** PROVIDED MATERIAL **
+++
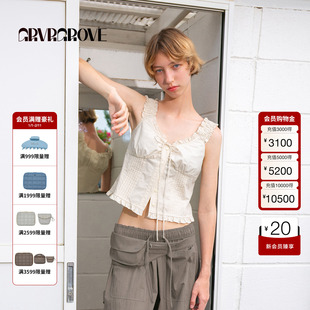 GROVE官方旗舰店2025HS夏日款女士梭织背心 GM5SL07M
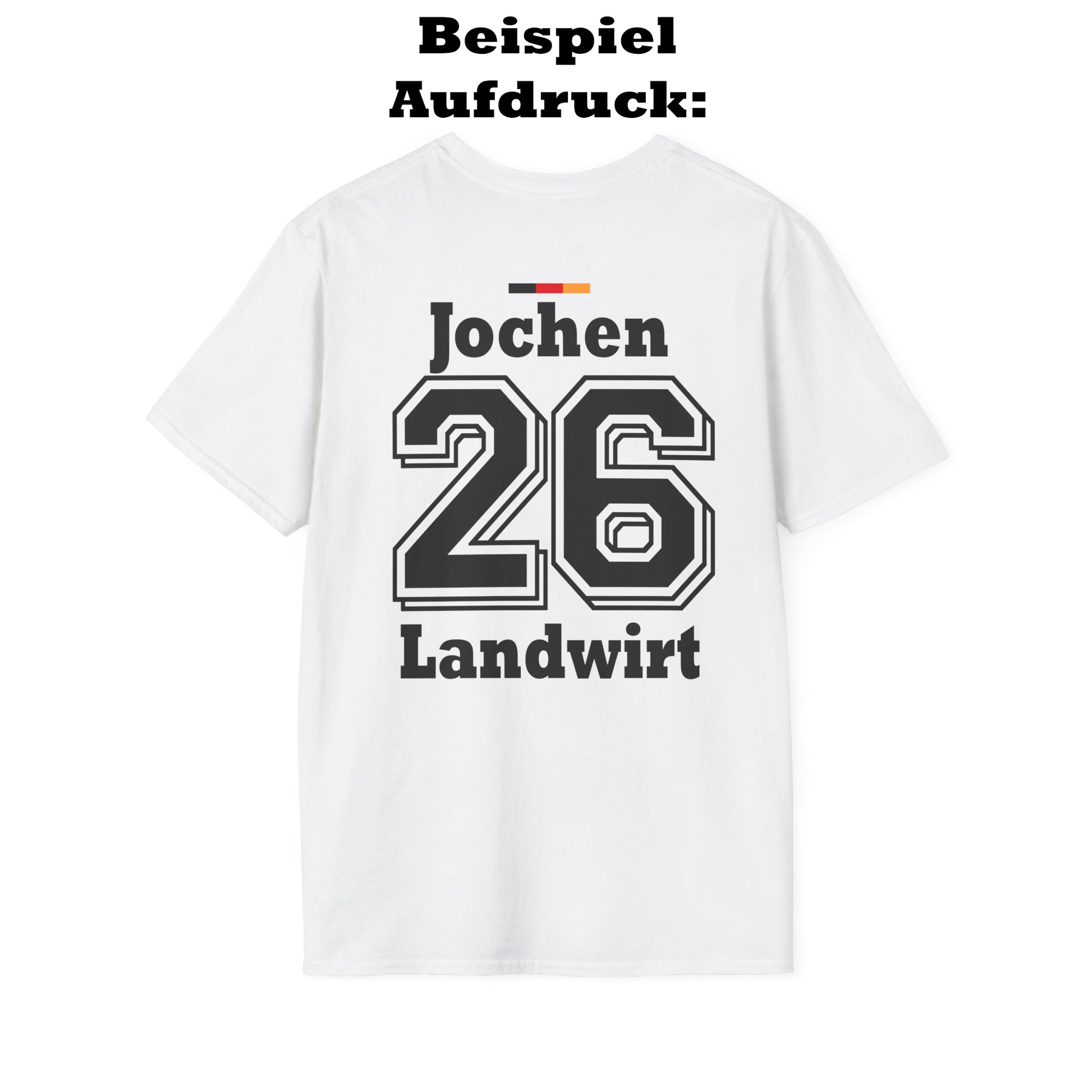 Rückansicht des Erntehelfer Shirts – ideal für Lohnunternehmen und landwirtschaftliche Betriebe.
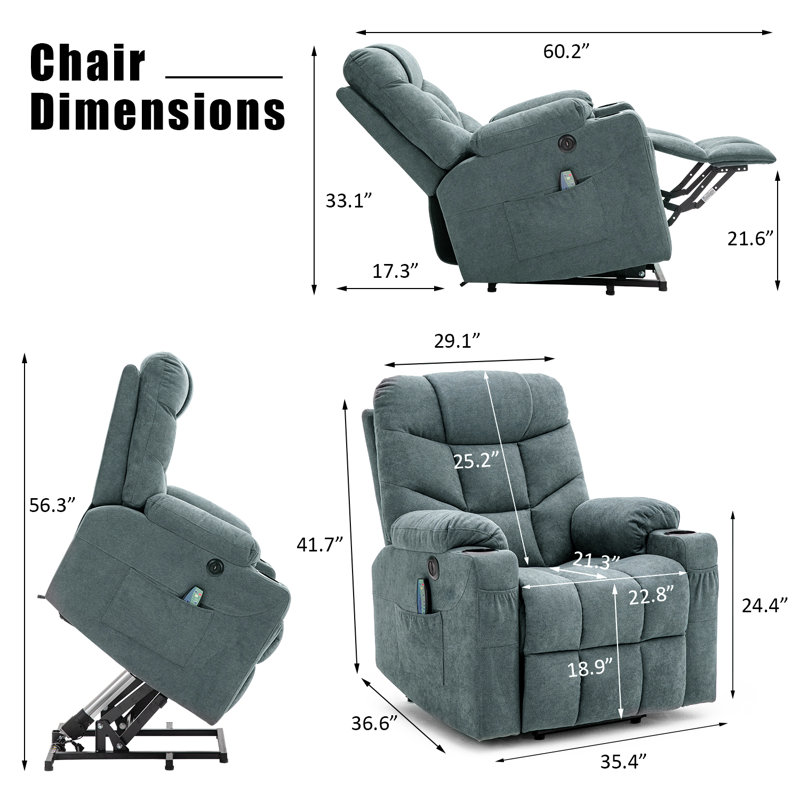 Upholstered Heated Massage Chair, Dark Blue 100% Polyester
+++
** TASK DETAILS **
Reproduce word for word the lines running from the line with "Rückansicht des Erntehelfer" through the end of the data, both included, and nothing else; leave out the pictures.

** EXERCISE ANSWER **
 Rückansicht des Erntehelfer Shirts – ideal für Lohnunternehmen und landwirtschaftliche Betriebe.
 Upholstered Heated Massage Chair, Dark Blue 100% Polyester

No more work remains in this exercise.